Artificial Intelligence in the Age of Nanotechnology - read free eBook in online reader or directly download on the web page. Select files or add your book in reader. Download and read online ebook Artificial Intelligence in the Age of Nanotechnology write by Jaber, Wassim. This book was released on 2023-12-07. Artificial Intelligence in the Age of Nanotechnology available in PDF, EPUB and Kindle. In the world of academia, scholars and researchers are confronted with a rapidly expanding knowledge base in Artificial Intelligence (AI) and nanotechnology. The integration of these two groundbreaking fields presents an intricate web of concepts, innovations, and interdisciplinary applications that can overwhelm even the most astute academic minds. Staying up to date with the latest developments and effectively navigating this complex terrain has become a pressing challenge for those striving to contribute meaningfully to these fields. Artificial Intelligence in the Age of Nanotechnology is a transformative solution meticulously crafted to address the academic community's knowledge gaps and challenges. This comprehensive book serves as the guiding light for scholars, researchers, and students grappling with the dynamic synergy between AI and Nanotechnology.

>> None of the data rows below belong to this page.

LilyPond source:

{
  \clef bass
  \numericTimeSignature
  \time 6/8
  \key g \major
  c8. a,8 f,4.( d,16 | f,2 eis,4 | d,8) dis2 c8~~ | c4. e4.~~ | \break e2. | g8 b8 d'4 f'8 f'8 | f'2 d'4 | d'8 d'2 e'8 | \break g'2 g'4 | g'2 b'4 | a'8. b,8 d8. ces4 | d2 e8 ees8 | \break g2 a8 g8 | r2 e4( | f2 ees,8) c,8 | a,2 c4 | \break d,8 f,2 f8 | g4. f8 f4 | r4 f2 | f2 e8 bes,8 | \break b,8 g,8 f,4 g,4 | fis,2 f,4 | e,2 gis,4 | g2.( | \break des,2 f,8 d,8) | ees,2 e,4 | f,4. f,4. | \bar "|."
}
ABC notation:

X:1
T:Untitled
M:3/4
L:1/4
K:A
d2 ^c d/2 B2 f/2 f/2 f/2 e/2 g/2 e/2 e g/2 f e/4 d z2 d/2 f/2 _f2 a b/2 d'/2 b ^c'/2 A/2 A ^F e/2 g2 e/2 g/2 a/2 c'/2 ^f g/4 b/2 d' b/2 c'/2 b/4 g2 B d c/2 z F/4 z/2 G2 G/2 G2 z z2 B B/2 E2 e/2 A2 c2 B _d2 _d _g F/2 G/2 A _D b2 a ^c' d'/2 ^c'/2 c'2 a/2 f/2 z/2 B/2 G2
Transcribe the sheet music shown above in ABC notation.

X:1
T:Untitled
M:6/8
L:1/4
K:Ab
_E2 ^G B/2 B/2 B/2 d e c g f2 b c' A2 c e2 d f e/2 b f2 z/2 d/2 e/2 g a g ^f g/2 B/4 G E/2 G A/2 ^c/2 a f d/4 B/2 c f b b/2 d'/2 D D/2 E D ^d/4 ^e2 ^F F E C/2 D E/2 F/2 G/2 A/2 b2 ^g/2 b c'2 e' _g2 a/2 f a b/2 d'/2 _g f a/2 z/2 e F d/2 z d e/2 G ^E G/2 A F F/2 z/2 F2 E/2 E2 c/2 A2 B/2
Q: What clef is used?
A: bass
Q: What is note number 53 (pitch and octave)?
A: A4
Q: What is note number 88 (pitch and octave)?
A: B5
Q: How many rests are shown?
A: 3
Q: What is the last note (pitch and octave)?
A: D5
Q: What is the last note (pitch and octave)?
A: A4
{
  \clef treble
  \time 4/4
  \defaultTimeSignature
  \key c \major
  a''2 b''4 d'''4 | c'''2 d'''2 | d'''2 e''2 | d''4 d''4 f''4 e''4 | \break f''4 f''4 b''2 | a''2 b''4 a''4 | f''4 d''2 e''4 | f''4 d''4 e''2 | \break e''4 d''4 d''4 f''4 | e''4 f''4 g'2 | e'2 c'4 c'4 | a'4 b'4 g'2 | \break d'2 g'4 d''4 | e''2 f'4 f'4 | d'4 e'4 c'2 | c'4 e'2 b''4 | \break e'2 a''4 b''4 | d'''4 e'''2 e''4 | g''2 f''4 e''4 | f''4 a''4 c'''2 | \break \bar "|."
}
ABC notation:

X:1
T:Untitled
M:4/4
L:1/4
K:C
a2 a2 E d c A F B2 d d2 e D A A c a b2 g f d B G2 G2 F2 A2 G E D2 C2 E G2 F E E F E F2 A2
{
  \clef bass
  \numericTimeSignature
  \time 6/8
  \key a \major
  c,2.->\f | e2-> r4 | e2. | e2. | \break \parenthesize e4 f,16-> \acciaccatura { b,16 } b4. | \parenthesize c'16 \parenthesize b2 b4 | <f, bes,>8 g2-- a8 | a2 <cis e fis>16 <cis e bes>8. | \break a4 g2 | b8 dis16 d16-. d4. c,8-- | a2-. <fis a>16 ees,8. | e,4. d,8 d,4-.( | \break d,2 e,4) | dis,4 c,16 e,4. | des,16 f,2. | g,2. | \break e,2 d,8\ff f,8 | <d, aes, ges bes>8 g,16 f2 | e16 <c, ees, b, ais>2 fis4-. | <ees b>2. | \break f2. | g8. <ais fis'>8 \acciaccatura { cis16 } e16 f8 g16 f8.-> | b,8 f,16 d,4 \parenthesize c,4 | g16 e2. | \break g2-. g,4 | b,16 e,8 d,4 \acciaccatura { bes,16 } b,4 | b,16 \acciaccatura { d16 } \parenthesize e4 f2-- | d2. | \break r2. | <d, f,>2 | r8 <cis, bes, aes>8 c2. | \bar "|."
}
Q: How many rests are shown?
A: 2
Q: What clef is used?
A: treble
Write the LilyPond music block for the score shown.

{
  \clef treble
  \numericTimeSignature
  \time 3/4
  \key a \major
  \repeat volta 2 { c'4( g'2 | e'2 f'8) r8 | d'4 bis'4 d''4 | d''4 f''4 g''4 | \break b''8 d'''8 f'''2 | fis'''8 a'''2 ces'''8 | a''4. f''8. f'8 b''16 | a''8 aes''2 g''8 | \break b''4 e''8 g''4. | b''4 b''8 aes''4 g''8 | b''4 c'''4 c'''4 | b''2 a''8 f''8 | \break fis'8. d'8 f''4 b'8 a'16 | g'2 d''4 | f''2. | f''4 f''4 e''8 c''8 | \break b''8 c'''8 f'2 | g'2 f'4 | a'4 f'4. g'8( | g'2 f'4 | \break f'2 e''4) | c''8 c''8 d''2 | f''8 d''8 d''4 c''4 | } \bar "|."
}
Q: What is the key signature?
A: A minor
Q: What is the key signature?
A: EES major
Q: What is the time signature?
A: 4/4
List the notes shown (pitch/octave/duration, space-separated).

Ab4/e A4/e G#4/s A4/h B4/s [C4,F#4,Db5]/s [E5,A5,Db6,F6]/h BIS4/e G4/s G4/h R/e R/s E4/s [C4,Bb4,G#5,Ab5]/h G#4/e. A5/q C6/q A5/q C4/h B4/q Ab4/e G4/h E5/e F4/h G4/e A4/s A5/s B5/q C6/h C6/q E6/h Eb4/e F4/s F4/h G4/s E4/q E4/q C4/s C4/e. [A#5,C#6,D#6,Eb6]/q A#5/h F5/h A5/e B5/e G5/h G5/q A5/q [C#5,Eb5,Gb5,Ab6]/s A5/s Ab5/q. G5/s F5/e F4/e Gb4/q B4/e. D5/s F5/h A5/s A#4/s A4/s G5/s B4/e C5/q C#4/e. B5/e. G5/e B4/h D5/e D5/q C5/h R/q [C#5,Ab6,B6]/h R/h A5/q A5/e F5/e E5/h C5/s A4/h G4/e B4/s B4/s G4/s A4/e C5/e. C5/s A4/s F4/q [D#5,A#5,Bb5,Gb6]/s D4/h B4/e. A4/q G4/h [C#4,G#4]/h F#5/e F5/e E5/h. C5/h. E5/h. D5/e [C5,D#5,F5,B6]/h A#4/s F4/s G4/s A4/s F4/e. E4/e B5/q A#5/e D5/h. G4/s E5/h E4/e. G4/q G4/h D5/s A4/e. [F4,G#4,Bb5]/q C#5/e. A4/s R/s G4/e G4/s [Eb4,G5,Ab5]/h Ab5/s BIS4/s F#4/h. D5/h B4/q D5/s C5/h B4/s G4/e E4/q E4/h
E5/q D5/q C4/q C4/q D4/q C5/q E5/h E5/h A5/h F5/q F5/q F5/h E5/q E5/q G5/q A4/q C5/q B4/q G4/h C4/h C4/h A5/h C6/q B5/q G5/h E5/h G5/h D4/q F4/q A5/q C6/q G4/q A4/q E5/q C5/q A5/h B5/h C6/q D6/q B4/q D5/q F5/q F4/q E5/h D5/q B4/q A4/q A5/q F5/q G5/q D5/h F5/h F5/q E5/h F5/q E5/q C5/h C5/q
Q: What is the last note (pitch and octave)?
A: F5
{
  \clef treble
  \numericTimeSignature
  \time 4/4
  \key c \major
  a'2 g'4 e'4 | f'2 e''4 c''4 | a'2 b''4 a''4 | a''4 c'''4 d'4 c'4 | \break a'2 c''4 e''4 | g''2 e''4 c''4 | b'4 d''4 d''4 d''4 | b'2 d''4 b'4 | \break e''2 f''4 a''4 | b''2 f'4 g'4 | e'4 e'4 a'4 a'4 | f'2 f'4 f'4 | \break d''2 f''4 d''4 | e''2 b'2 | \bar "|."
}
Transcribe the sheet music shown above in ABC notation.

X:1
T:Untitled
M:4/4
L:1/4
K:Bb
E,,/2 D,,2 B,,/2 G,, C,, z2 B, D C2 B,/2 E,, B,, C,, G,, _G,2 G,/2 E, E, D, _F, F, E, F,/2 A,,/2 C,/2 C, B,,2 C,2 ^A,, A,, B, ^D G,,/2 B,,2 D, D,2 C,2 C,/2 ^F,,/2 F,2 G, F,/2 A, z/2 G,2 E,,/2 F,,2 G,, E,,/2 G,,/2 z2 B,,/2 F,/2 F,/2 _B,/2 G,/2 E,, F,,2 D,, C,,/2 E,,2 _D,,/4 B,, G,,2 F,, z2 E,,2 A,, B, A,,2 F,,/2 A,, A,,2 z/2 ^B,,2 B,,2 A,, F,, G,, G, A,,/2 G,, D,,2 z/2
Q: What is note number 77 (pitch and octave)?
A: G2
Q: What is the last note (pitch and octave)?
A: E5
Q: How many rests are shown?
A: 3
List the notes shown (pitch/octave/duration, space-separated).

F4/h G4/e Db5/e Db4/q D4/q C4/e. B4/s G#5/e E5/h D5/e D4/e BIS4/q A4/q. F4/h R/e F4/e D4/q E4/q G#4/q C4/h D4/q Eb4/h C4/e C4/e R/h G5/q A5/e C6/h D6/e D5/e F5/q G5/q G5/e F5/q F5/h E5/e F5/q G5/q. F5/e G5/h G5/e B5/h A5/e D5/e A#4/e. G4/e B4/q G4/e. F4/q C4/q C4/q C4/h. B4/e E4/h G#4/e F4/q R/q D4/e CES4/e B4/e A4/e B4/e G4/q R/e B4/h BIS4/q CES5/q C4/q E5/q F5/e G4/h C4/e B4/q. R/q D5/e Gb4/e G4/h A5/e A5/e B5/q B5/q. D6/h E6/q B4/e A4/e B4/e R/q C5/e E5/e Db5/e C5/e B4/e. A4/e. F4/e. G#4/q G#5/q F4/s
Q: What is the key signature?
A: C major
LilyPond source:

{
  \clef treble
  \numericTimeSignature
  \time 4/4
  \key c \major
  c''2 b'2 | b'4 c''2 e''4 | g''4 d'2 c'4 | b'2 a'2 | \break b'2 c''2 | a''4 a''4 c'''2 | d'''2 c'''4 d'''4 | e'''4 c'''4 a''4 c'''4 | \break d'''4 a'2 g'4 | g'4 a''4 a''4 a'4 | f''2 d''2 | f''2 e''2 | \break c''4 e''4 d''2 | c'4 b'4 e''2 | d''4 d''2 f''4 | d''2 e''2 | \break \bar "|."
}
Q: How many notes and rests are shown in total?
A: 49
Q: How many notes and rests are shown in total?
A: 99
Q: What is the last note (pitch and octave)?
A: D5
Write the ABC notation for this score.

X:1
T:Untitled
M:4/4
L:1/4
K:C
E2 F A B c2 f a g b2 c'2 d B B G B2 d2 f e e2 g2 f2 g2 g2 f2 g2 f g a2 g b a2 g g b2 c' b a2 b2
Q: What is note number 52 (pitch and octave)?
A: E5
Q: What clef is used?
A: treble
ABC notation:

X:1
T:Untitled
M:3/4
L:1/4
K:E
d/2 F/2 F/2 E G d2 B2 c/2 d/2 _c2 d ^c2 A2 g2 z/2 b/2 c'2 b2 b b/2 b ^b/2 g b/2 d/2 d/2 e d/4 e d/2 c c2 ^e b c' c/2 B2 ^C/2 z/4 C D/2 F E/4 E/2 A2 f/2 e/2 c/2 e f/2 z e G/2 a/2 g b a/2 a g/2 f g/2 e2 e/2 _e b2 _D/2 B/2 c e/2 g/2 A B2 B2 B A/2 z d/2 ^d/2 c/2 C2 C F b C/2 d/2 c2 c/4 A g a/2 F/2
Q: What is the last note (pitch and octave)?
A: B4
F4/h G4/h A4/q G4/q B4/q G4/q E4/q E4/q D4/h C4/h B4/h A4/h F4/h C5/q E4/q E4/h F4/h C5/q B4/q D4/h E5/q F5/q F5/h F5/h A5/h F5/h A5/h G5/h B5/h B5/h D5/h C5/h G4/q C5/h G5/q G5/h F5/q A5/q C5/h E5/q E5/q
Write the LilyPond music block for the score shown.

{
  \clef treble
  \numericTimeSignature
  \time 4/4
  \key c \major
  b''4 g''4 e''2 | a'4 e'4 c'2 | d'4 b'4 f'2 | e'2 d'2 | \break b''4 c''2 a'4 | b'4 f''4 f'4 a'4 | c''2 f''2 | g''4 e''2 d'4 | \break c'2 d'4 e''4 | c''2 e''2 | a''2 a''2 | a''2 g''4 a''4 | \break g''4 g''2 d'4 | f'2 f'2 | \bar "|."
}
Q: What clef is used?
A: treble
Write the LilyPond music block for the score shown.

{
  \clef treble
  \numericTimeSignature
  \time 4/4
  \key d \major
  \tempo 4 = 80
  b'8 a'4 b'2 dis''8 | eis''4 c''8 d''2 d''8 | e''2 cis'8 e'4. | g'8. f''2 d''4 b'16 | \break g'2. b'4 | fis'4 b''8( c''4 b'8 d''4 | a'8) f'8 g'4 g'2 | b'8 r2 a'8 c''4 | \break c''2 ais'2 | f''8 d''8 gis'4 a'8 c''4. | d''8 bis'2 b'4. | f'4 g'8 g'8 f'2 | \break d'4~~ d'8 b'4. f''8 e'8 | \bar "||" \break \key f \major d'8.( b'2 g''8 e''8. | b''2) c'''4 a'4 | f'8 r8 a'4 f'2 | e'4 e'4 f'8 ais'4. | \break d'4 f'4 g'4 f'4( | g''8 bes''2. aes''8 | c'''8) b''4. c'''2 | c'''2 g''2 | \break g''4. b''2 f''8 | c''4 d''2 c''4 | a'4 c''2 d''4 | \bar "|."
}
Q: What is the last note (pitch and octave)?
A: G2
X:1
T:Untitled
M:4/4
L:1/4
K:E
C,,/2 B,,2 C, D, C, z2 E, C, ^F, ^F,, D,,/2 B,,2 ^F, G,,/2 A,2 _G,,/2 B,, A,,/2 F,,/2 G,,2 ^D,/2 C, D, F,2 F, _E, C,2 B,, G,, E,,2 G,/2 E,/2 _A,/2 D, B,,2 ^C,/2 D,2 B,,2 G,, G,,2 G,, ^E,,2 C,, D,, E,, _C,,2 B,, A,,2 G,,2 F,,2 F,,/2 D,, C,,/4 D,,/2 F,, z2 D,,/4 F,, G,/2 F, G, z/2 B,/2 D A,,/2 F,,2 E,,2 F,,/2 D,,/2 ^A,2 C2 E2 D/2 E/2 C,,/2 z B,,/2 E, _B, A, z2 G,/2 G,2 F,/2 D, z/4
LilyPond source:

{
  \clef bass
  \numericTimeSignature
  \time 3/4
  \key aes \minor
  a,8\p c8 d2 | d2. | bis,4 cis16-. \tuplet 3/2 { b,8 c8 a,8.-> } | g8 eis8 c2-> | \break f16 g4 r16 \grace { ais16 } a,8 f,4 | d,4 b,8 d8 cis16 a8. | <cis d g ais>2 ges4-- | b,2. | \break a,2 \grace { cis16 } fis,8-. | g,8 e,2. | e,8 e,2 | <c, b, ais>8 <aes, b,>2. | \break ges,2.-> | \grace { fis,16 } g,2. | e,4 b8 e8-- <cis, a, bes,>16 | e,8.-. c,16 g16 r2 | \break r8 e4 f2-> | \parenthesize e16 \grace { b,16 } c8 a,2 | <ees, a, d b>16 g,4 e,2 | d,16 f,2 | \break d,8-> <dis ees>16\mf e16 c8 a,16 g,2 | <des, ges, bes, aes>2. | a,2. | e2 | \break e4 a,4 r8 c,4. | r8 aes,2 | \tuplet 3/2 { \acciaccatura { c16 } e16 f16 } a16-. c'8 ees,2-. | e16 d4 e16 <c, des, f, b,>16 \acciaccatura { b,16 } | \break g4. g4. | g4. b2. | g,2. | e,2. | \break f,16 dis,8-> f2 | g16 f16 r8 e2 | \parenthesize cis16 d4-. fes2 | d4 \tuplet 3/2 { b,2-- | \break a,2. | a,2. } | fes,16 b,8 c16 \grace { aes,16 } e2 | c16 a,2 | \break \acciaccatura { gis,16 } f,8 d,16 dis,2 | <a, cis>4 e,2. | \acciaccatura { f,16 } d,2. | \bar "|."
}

It offers a structured and authoritative exploration of the core principles and transformative applications of these domains across diverse fields. By providing clarity and depth, it empowers academics to stay at the forefront of innovation and make informed contributions.

Handbook of Research on AI and ML for Intelligent Machines and Systems

Download Handbook of Research on AI and ML for Intelligent Machines and Systems PDF Online Free

Author :
Release : 2023-11-27
Genre : Computers
Kind :
Book Rating : /5 ( reviews)

Handbook of Research on AI and ML for Intelligent Machines and Systems - read free eBook in online reader or directly download on the web page. Select files or add your book in reader. Download and read online ebook Handbook of Research on AI and ML for Intelligent Machines and Systems write by Gupta, Brij B.. This book was released on 2023-11-27. Handbook of Research on AI and ML for Intelligent Machines and Systems available in PDF, EPUB and Kindle. The Handbook of Research on AI and ML for Intelligent Machines and Systems offers a comprehensive exploration of the pivotal role played by artificial intelligence (AI) and machine learning (ML) technologies in the development of intelligent machines. As the demand for intelligent machines continues to rise across various sectors, understanding the integration of these advanced technologies becomes paramount. While AI and ML have individually showcased their capabilities in developing robust intelligent machine systems and services, their fusion holds the key to propelling intelligent machines to a new realm of transformation. By compiling recent advancements in intelligent machines that rely on machine learning and deep learning technologies, this book serves as a vital resource for researchers, graduate students, PhD scholars, faculty members, scientists, and software developers. It offers valuable insights into the key concepts of AI and ML, covering essential security aspects, current trends, and often overlooked perspectives that are crucial for achieving comprehensive understanding. It not only explores the theoretical foundations of AI and ML but also provides guidance on applying these techniques to solve real-world problems. Unlike traditional texts, it offers flexibility through its distinctive module-based structure, allowing readers to follow their own learning paths.